For Henn-Collins various postings during the next three years included a period in the Directorate of Military Training, and promotion to major and then, with the rank of lieutenant-colonel, to Allied Forces Headquarters in Algiers as Officer in Charge of Radio Section, to set up links throughout the North African Theatre.

==Post-war engineering career and retirement==

He was a resourceful, inventive, and practical engineer. He patented an enciphering and deciphering machine, assigned to the Ministry of Supply with no financial benefit to himself; and he had so many ideas for civilian projects which could not be exploited within the service that he resigned his commission in 1947 in order to set up as a consulting engineer.

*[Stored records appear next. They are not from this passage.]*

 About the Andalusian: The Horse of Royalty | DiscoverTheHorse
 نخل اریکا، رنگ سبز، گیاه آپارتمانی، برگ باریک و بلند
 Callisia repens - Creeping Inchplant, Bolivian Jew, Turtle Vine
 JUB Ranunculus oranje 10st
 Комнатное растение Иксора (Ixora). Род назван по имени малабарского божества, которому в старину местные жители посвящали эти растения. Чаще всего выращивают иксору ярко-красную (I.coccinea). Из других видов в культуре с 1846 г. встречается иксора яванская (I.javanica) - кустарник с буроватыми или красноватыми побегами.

Partly as a result of his wartime contacts, his company, Henn-Collins Associates, undertook a wide range of projects for government agencies and commercial organisations worldwide, mostly in the field of telecommunications, but he had other interests as well, and in the 1950s and 60s he patented a number of devices of an electro-mechanical nature. In his workshop he developed his idea for a quartz crystal clock which by using transistors in place of thermionic valves, made possible a much smaller quartz clock than was previously feasible. He described his "mantelpiece" clock in the British Horological Journal in 1957 and showed it at an exhibition in Goldsmiths' Hall in 1958, "The Pendulum to the Atom", which was opened by Prince Philip, Duke of Edinburgh. Christopher Henn-Collins and Dr Louis Essen, inventor of the caesium clock were presented to him.

Before he retired to Guernsey in 1970 he represented the Institution of Electrical Engineers and the Institution of Electrical and Radio Engineers on a British Standards Institution committee which produced a Code of Practice for the reception of sound and television broadcasting. He returned to England three years before his death.

==Personal life==

He married first Patricia Hooper, who died in 1974, and in 1976 he married Andora de Quehen who survived him.